Users and investors are re-evaluating token-based companies amid the broader cryptocurrency downturn.

By BERBER JIN
Wed, Jul 13, 2022 4:36pmGrey Clock 4 min

The cryptocurrency rout has spread to startups that offer users digital tokens, pushing down digital asset prices and driving away hordes of users.

The startups—part of what has been called Web3—allowed users to play virtual games and collect digital assets, and the companies’ growth was hinged on interest from people eager to wade into blockchain-based assets.
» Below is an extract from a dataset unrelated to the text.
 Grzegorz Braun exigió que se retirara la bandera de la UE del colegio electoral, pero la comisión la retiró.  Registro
The broader cryptocurrency downturn this year is causing a downturn in users in many Web3 companies, and players and investors are re-evaluating the utility of token-based business models.
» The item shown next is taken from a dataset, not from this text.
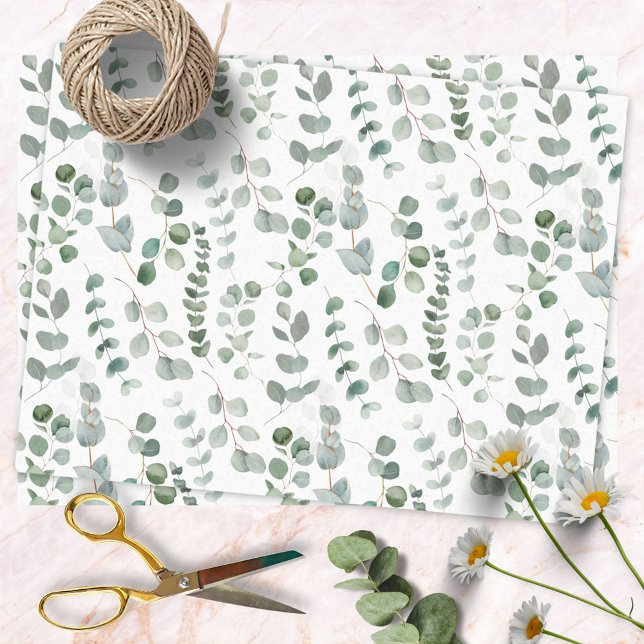 Papel De Seda Padrão Floral de Folhas de Eucalipto (In situ)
“Many crypto companies can only exist by engineering speculation,” said Adam Fisher, a Tel Aviv-based partner at VC firm Bessemer Venture Partners. “The utility of Web3 is not clear at all.”

Investors in 2021 poured more than $4.5 billion into blockchain-based gaming, digital media and commerce companies—popular sectors of Web3 investment—compared with $197 million in 2020, according to data from Crunchbase. The increase mirrored the rise of cryptocurrency investing in Silicon Valley: Last year, venture capitalists invested about $17.9 billion into blockchain-related startups, compared with $2.1 billion in 2020, according to Crunchbase.

Axie Infinity is an online game where users can make money by breeding virtual pets and earning other digital assets on the blockchain, which they can then sell for cash on crypto exchanges. Axie Infinity’s parent company, Vietnam-based Sky Mavis Ltd, along with digital-art creator Yuga Labs and fitness app StepN, offered services they said were part of a new iteration of the internet that distributed ownership and power to users in the form of digital tokens. Venture firms such as Andreessen Horowitz and Paradigm raised billions of dollars in new funds dedicated to crypto startups.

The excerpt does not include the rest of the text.